Dem Revisionsrekurs und der Revision wird Folge gegeben.

Die Entscheidungen der Vorinstanzen werden aufgehoben. Die Rechtssache wird zur neuerlichen Verhandlung und Entscheidung an das Erstgericht zurückverwiesen.

Die Kosten des Rechtsmittelverfahrens sind weitere Verfahrenskosten.

 

Begründung:

[1] Beide Streitteile stellen Geschirrspülmaschinen-Produkte her. Die Beklagte bewirbt ihr Produkt mit der Behauptung, dass es die von den führenden Geschirrspülmaschinenherstellern am häufigsten empfohlene Marke sei, und tritt werblich wie folgt auf:

 

 

[2] Der Sternchenhinweis wird auf der Packungsrückseite wie folgt erläutert:

 

[3] Die Klägerin begehrte von der Beklagten, gestützt auf § 2 UWG (irreführende Geschäftspraktiken) und auf § 1 Abs 1 Z 2 UWG (Verletzung der beruflichen Sorgfalt), die Beklagte schuldig zu erkennen,

es ab sofort zu unterlassen, im geschäftlichen Verkehr zu Zwecken des Wettbewerbs die Behauptung oder sinngleiche Behauptungen zu verbreiten, dass die von der Beklagten unter der Bezeichnung „finish“ vertriebenen Produkte die von führenden Geschirrspülmaschinenherstellern am häufigsten empfohlene Marke sei, ohne dabei dem Verbraucher die Umstände und Kriterien einer solchen Empfehlung zu nennen und/oder wenn eine solche Empfehlung nicht auf tatsächliche Testserien bei den angeführten Geschirrspülmaschinenherstellern, die objektive Daten einer Produktleistung ergeben haben, zurückzuführen ist, insbesondere durch die Aussage „Empfohlen Nr. 1* – Finish ist die von führenden Geschirrspülmaschinenhersteller am häufigsten empfohlene Marke“.

 

[4] Weiters wurde ein Beseitigungs- und Urteilsveröffentlichungsbegehren sowie ein dem Unterlassungsanspruch entsprechendes Sicherungsbegehren erhoben. Der Verbraucher verstehe die Behauptung der Beklagten so, dass die Empfehlung aufgrund objektiv eruierter sachlicher Umstände und nur deshalb erfolgt sei, weil das empfohlene Produkt das beste für die Geschirrspülmaschine sei, etwa weil es sich positiv auf deren Lebensdauer auswirke oder eine besondere Reinigungskraft habe. Die Behauptung suggeriere dem Verbraucher, die Empfehlungen würden auf entsprechende Testserien zurückgehen. Tatsächlich würden die Empfehlungen aber nur auf rein marketingbezogenen Vereinbarungen zwischen der Beklagten und den Geschirrspülmaschinenherstellern beruhen. Der Verbraucher erwarte eine Aufklärung über die Umstände der Empfehlungen.

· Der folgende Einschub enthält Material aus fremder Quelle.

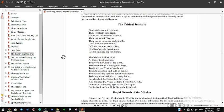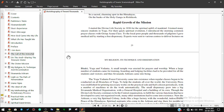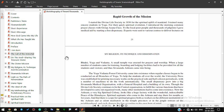The Critical Juncture: Students became mere religious. They lost faith in religion under the influence of science. They neglected dharma. They began to smoke and gamble. Girls became fashionable. Officers became materialists. Health of people deteriorated. People shunned the scriptures. Materialism had its way. At this critical juncture, I established the Divine Life Mission and founded the Yoga Vedanta Forest University in Rishikesh.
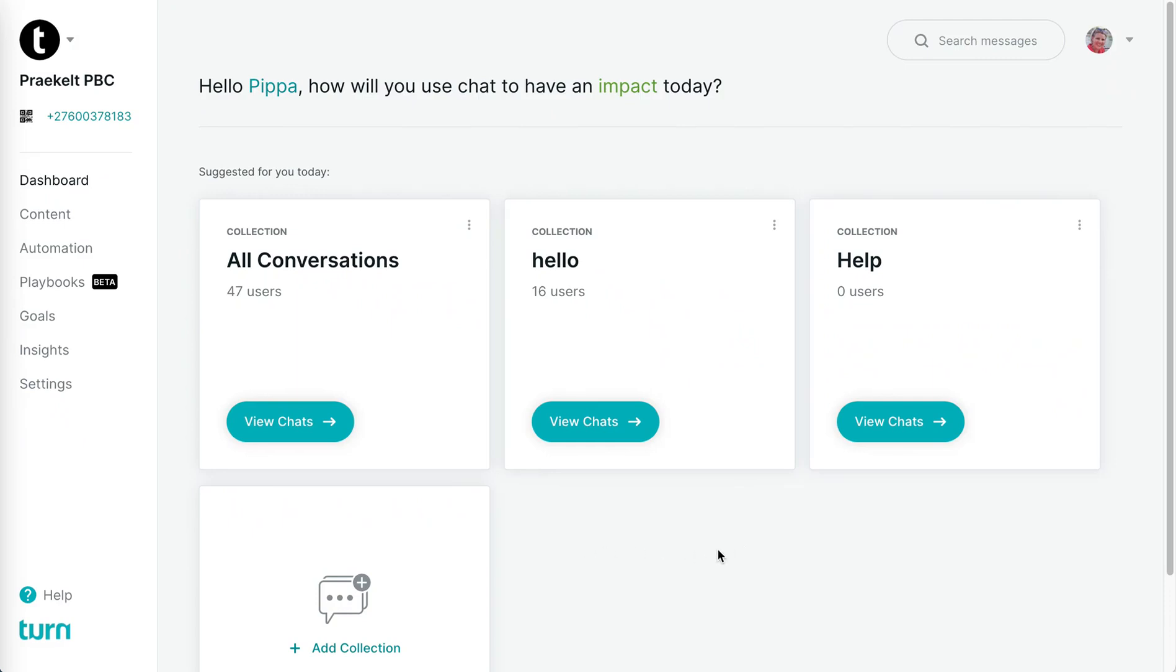I'm going to give you a quick demo on our new playbooks feature. If you go into your Turn account on app.turn.io, this is currently only available within our cloud hosted version. If you've got a private cloud, I'll explain a little bit what you need to do.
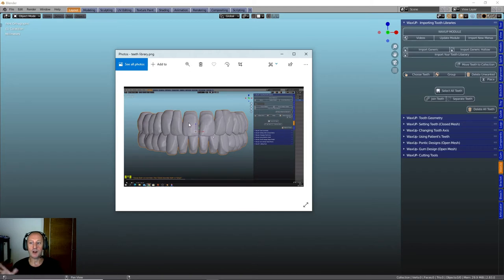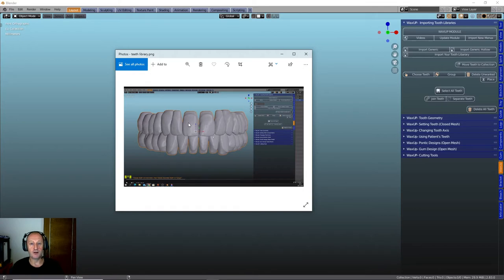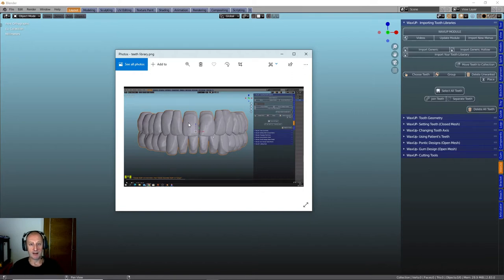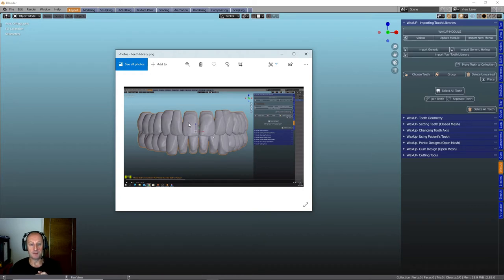These are the two. You can bring in any tooth library you have on the website Blender for Dental. There are some really nice tooth libraries for sale. People that have spent a lot of time crafting and putting together these libraries and you can go and buy them and put them in the module and use them.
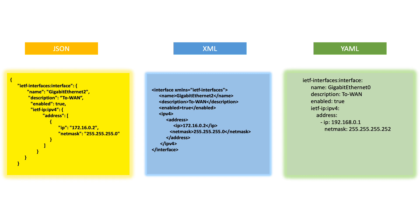Now which one to use in your script as input data purely depends on the application you are working with and personal preferences. We'll explore more about all three data formats in coming videos. Thanks for watching and keep learning.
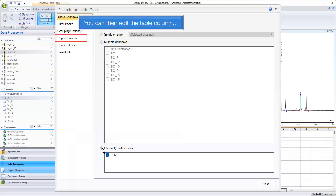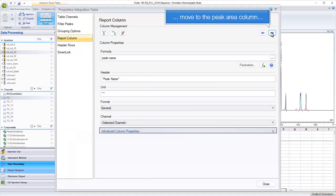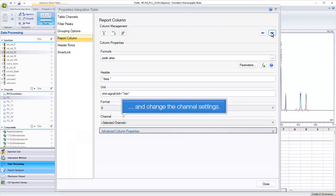You can then edit the table column, move to the peak area column, and change the channel settings.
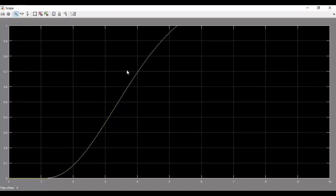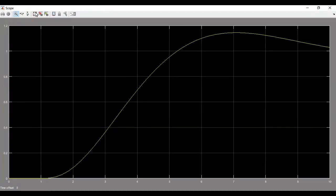Observe the step response in the scope. Use the auto scale option for proper visualization as the system response is slow.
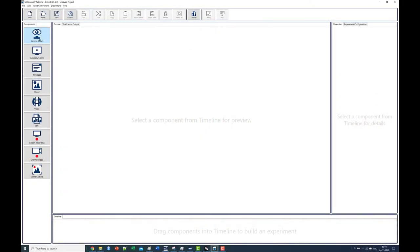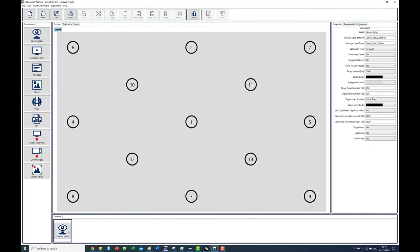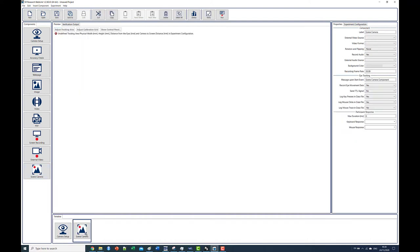Let's create a Weblink project. First we add a camera setup component to the timeline. We can leave the settings at their defaults for now. Next we add a scene camera component.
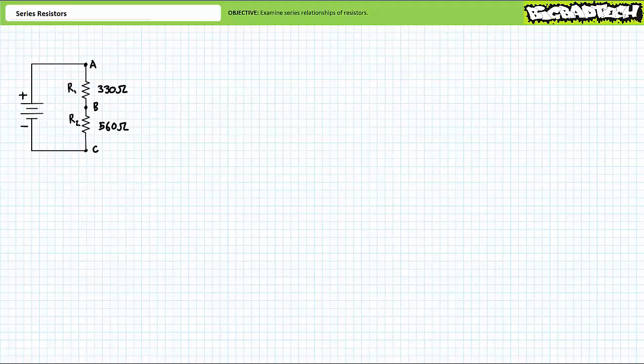Good day and welcome to Big Bad Tech. I'm your instructor Jim Pytel and today's topic of discussion is resistors in series. Our objective is to take a look at series or inline configurations of resistors, and we'll discuss the influence of shorts and opens inside series circuits.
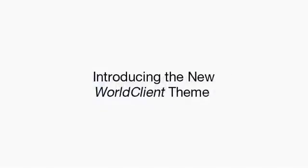Beginning with MDAMON 14, we introduced a new World Client theme. In this tutorial, we'll help you become familiar with this new theme and its layout.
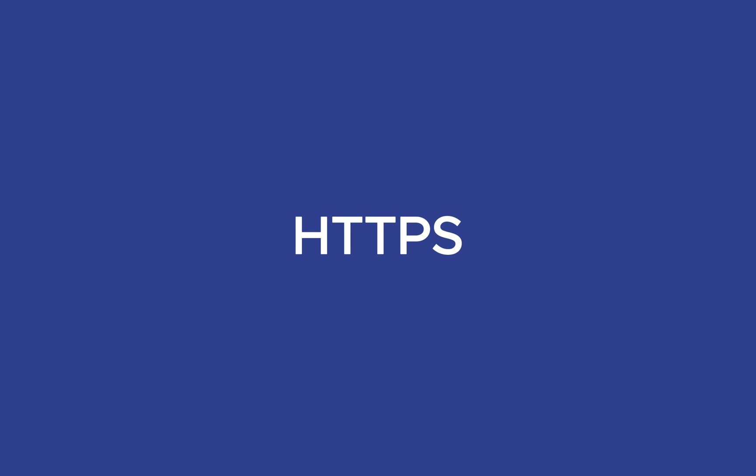Building great features is not the only part of the equation. Security is equally critical. Familiarizing yourself with HTTPS ensures that data between your user's browser and your server is encrypted,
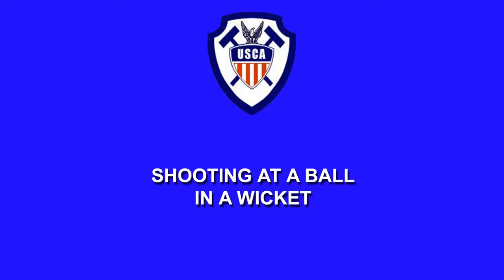Shot one showed no roquet, the ball hit just the upright. In shot two, it was a successful roquet. Thank you.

[5] Die Beklagte wendete ein, die beanstandete Behauptung sei richtig, nicht irreführend und verletze die berufliche Sorgfalt nicht. Die Empfehlungen der Geschirrspülmaschinenhersteller würden auf objektiven Tests beruhen. Der Verbraucher erwarte gar nicht, dass den Empfehlungen objektive Tests zu Grunde liegen. Da es in der Werbung kein Vollständigkeitsgebot gebe, müsse der Verbraucher nicht über die Umstände der Empfehlungen aufgeklärt werden. Die Kooperation mit den Geschirrspülmaschinenherstellern diene nicht Marketingzwecken, sondern der gemeinsamen Forschung.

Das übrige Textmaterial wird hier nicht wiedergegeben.